(Short descriptive text snippets)
★ ★ ★ ★

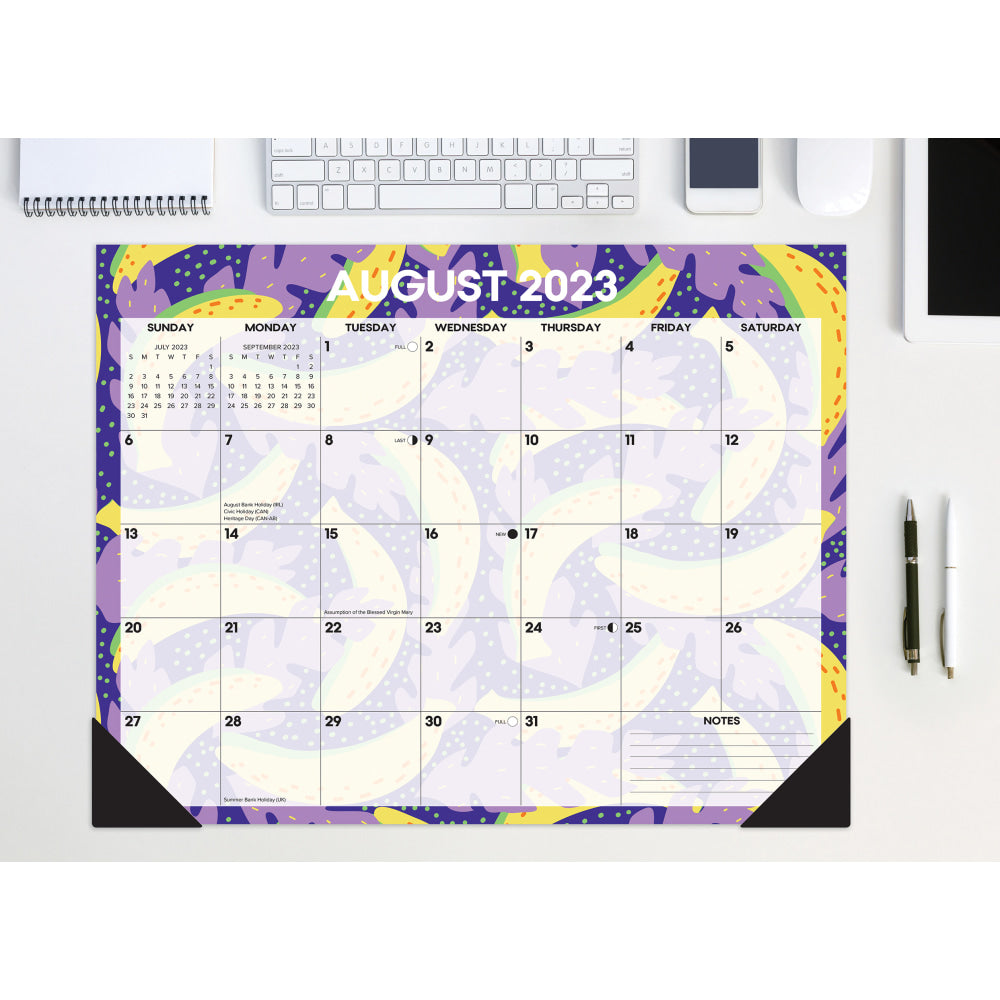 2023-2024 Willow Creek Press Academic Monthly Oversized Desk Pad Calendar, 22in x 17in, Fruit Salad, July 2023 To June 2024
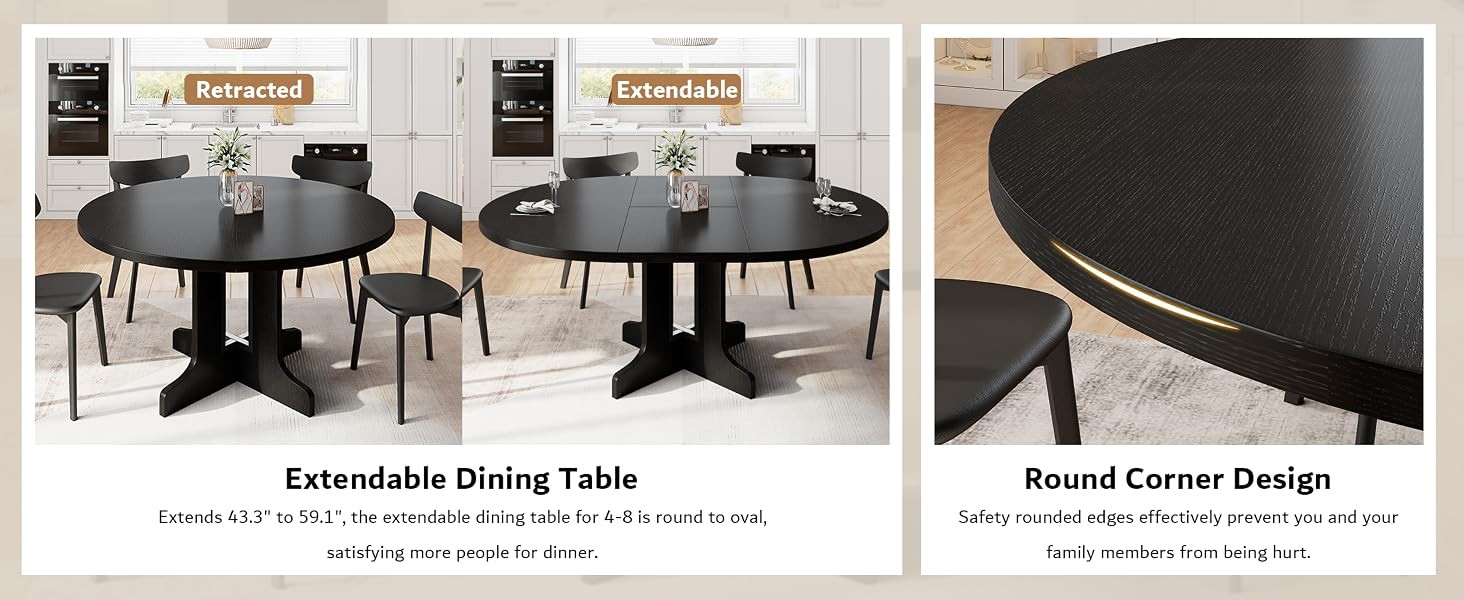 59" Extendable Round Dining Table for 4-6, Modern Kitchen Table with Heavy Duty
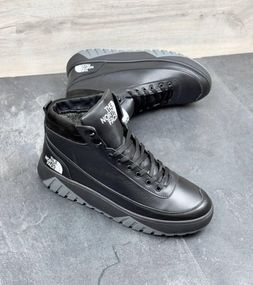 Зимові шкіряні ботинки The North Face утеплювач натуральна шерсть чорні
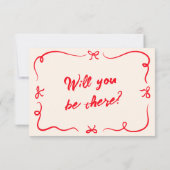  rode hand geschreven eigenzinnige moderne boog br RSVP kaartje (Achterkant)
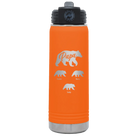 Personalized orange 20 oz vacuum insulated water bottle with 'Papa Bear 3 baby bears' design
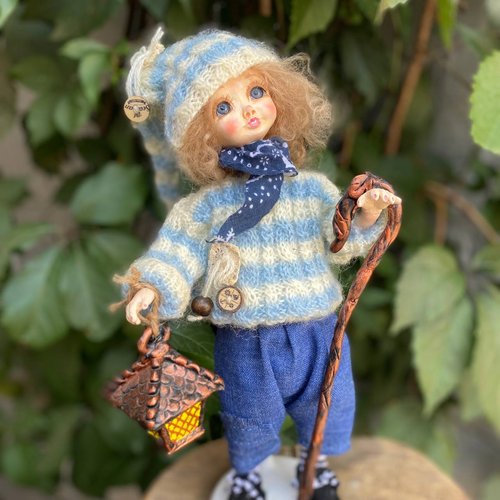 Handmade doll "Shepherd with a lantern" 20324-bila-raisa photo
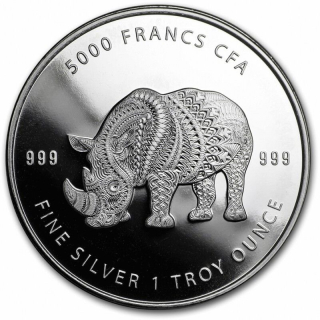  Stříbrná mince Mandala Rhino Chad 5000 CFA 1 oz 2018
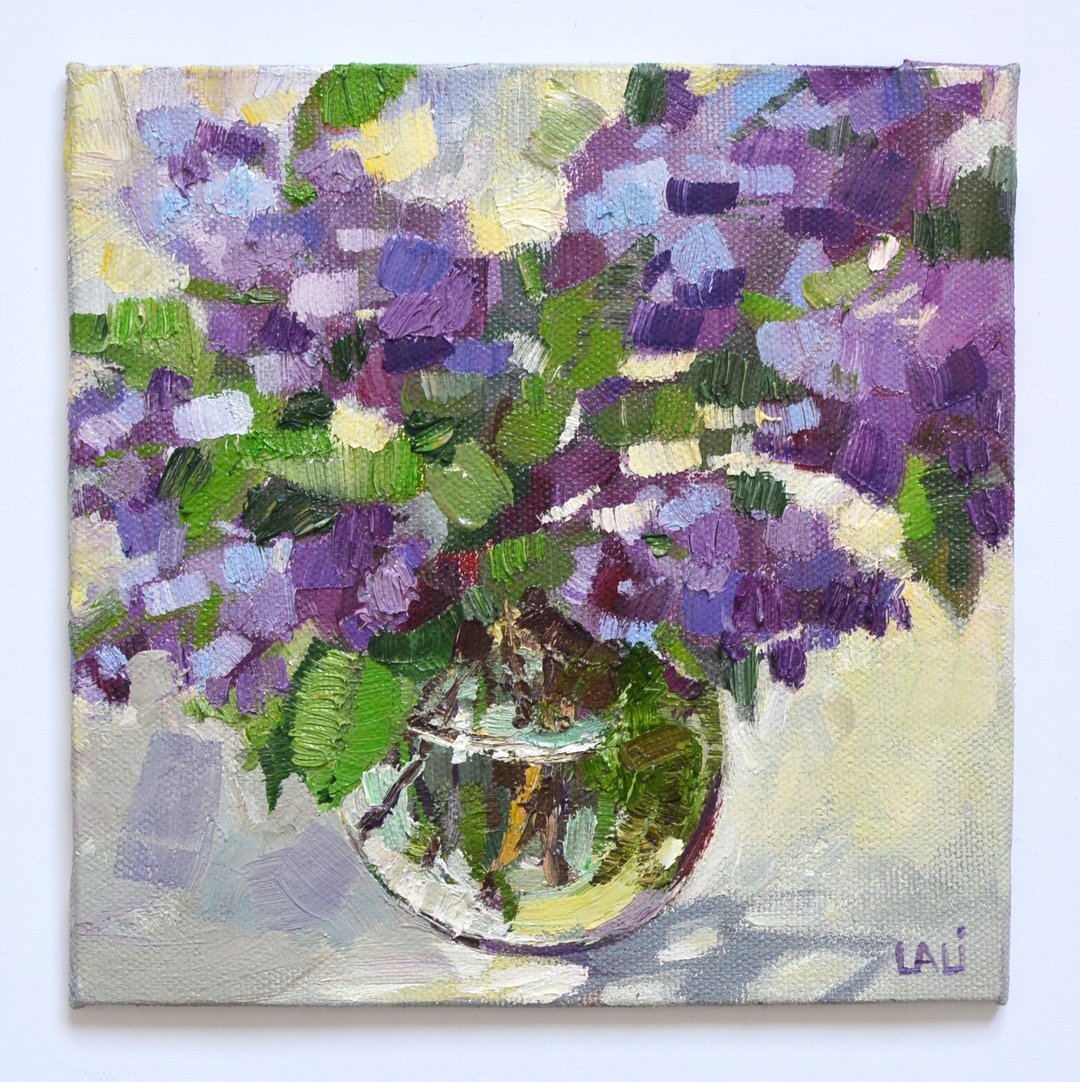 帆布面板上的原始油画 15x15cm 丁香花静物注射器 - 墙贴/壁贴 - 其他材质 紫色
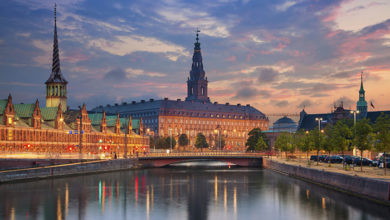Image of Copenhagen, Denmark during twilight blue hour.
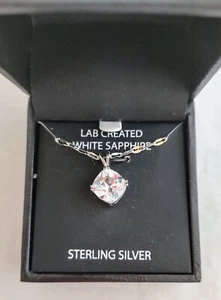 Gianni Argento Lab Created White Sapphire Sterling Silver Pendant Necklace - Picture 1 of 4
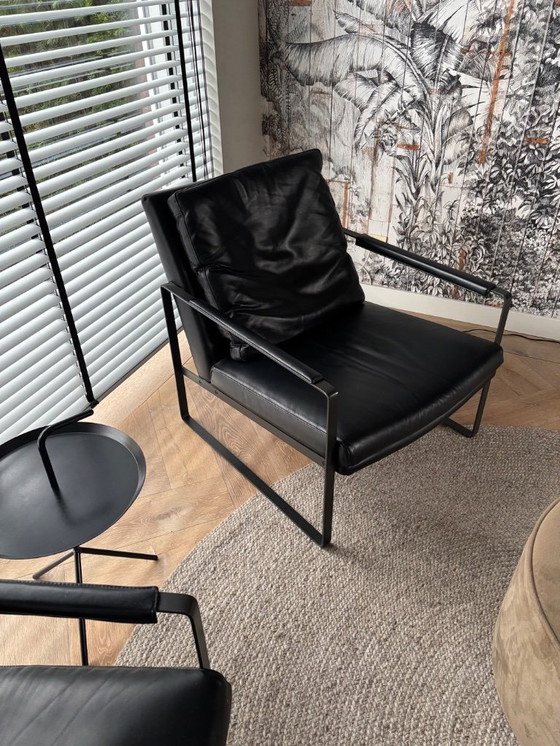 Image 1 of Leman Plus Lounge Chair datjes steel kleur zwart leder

★ ★ ★ ★

AIM OF THE EXERCISE
Drop every image, please, and write out the data above exactly as shown.

YOUR SOLUTION
 2023-2024 Willow Creek Press Academic Monthly Oversized Desk Pad Calendar, 22in x 17in, Fruit Salad, July 2023 To June 2024
 59" Extendable Round Dining Table for 4-6, Modern Kitchen Table with Heavy Duty
 Зимові шкіряні ботинки The North Face утеплювач натуральна шерсть чорні
  rode hand geschreven eigenzinnige moderne boog br RSVP kaartje (Achterkant)
 Personalized orange 20 oz vacuum insulated water bottle with 'Papa Bear 3 baby bears' design
 Handmade doll "Shepherd with a lantern" 20324-bila-raisa photo
  Stříbrná mince Mandala Rhino Chad 5000 CFA 1 oz 2018
 帆布面板上的原始油画 15x15cm 丁香花静物注射器 - 墙贴/壁贴 - 其他材质 紫色
Image of Copenhagen, Denmark during twilight blue hour.
 Gianni Argento Lab Created White Sapphire Sterling Silver Pendant Necklace - Picture 1 of 4
 Image 1 of Leman Plus Lounge Chair datjes steel kleur zwart leder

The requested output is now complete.